LeetCode: Online Stock Span

Posted on September 21, 2018July 26, 2020 by braindenny

Online Stock Span

Similar Problems:

Write a class StockSpanner which collects daily price quotes for some stock, and returns the span of that stock’s price for the current day.

The span of the stock’s price today is defined as the maximum number of consecutive days (starting from today and going backwards) for which the price of the stock was less than or equal to today’s price.

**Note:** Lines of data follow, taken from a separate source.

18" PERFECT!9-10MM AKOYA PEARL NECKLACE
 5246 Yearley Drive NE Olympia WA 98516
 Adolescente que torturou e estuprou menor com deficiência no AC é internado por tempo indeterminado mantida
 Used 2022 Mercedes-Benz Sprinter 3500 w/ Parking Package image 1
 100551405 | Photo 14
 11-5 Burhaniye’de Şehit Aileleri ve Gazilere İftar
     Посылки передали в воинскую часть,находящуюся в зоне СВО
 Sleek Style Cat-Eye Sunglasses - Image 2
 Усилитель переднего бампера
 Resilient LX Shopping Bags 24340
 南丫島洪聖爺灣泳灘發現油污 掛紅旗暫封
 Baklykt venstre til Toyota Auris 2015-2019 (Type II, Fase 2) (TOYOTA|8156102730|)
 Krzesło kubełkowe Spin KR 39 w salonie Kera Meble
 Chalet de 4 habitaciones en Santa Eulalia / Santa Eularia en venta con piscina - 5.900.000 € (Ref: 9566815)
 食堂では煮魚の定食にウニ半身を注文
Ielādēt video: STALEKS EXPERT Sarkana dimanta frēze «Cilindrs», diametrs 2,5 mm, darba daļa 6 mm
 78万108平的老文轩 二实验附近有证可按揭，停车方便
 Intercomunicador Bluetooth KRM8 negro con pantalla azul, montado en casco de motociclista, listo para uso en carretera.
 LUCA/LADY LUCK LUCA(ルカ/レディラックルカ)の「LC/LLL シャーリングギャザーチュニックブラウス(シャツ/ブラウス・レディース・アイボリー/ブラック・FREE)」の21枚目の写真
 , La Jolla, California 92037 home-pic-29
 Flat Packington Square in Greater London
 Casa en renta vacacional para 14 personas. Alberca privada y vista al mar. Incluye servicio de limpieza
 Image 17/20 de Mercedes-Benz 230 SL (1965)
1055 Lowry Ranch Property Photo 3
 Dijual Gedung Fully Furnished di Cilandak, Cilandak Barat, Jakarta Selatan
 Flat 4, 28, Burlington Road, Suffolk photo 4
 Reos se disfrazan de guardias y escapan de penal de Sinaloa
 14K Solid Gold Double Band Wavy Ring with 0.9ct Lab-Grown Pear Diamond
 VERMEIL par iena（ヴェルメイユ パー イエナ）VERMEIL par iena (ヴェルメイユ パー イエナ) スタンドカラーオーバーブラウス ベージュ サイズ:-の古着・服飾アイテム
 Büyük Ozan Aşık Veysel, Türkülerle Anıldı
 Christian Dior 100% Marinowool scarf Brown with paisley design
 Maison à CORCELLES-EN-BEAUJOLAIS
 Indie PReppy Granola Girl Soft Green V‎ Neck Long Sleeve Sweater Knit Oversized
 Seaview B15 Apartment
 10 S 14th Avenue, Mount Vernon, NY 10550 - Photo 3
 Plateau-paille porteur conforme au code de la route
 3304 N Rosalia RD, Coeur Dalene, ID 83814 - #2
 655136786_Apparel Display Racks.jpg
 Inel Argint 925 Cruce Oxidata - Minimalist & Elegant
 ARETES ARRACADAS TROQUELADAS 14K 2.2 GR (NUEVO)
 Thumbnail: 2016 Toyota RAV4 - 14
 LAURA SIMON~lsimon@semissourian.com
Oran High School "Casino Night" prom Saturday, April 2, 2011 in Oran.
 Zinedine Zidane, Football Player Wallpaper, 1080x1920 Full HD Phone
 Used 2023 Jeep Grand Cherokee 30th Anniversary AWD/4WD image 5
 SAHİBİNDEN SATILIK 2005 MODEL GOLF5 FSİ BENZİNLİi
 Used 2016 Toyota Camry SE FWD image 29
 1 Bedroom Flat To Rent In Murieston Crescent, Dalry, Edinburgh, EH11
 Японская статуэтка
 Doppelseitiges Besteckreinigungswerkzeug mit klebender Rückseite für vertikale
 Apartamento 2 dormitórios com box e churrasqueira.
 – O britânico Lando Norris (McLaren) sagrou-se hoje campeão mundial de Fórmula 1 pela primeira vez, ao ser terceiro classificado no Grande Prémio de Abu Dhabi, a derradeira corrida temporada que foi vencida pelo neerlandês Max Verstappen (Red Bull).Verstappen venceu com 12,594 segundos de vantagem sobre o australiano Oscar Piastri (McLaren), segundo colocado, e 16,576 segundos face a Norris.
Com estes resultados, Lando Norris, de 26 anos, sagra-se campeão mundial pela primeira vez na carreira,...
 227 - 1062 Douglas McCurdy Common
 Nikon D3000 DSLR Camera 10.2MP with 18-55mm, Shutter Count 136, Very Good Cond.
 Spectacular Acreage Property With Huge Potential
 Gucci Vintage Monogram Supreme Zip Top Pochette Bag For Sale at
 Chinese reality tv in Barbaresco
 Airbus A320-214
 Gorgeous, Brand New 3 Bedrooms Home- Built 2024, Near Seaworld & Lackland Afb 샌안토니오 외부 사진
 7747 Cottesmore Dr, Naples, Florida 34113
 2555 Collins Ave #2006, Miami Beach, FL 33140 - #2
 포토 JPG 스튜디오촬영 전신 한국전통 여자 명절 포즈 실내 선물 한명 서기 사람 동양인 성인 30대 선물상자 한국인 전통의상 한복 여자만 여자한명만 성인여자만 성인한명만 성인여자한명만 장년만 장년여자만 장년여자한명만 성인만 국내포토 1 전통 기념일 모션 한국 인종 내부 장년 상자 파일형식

For example, if the price of a stock over the next 7 days were [100, 80, 60, 70, 60, 75, 85], then the stock spans would be [1, 1, 1, 2, 1, 4, 6].

Example 1:

Input: ["StockSpanner","next","next","next","next","next","next","next"], [[],[100],[80],[60],[70],[60],[75],[85]]
Output: [null,1,1,1,2,1,4,6]
Explanation: 
First, S = StockSpanner() is initialized.  Then:
S.next(100) is called and returns 1,
S.next(80) is called and returns 1,
S.next(60) is called and returns 1,
S.next(70) is called and returns 2,
S.next(60) is called and returns 1,
S.next(75) is called and returns 4,
S.next(85) is called and returns 6.

Note that (for example) S.next(75) returned 4, because the last 4 prices
(including today's price of 75) were less than or equal to today's price.

Note:

Calls to StockSpanner.next(int price) will have 1 <= price <= 10^5.
There will be at most 10000 calls to StockSpanner.next per test case.
There will be at most 150000 calls to StockSpanner.next across all test cases.
The total time limit for this problem has been reduced by 75% for C++, and 50% for all other languages.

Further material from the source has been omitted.